Most radio stations you're lucky to get top 40 music, usually it's top 20. How does one discover new music outside of what has been carefully curated to be easily sold to the masses? Most radio stations won't go into music that can't be easily catered to (lowest common denominator) because if they can't prove a number of people tune into it, advertising revenue will steadily wither away and now you have a dead radio station, and all the others then go "see, don't go outside the comfort box, you'll be just like (insert now dead radio station here)". Even satellite radio can suffer this same problem, although nowhere near to the effects that traditional AM and FM stations do.
Internet radio is of course a different thing and there's plenty of choices out there (Soma.fm, di.fm, etc) but you just said "radio" and I therefore assumed you were referring to the "traditional" radio medium.
Quote:
Originally Posted by
MadRabbit
Uhm, someone please enlighten me, what should they be making money off? I haven't seen any ads, nor any "pay me for this" kinda stuff.
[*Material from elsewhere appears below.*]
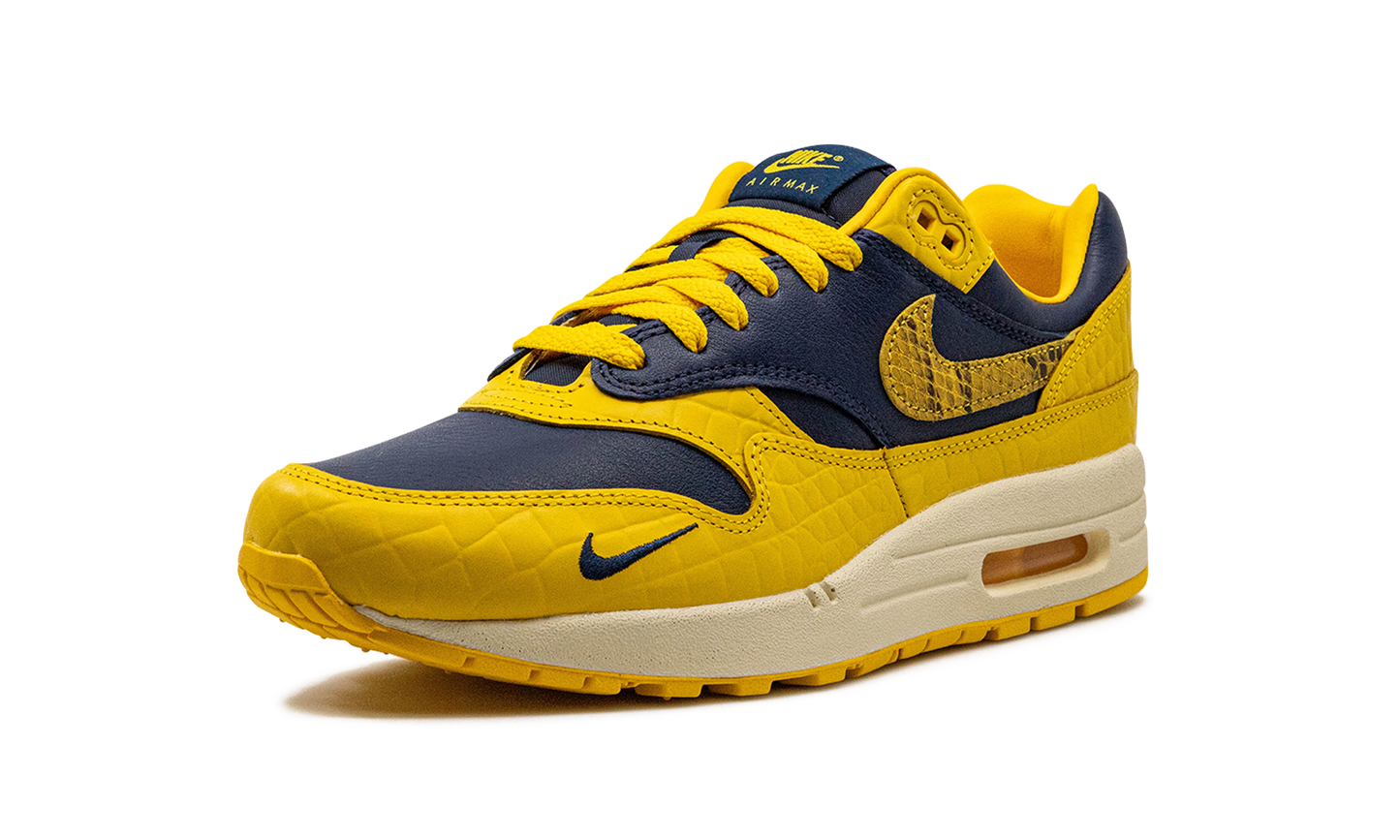 AIR MAX 1 PRM MNS WMNS Co.jp Head to Head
They take a cut off of any single or album sales made by the artists. As well, there are several plans artists can pay for that provide more storage (free only gives something small like an hour).... errr, my bad, free gets three hours of uploaded content. You can get six hours total by paying $6/month (or $55/yr) or unlimited with $16/mo ($145/yr).
One of the biggest problems they've faced regarding revenue as of late though is that several other services do a much better job while actually protecting the intellectual rights of artists who've submitted. Or something, there's been ongoing back and forth sillyness with a number of factions (but specifically dj's) that's caused at least two mass exoduses from their service. A number of djs signed up to their service (and paid) to use it as a promotional service, only to have their content removed with no answer, or being told their original work was actually from someone else when it actually was of their own work.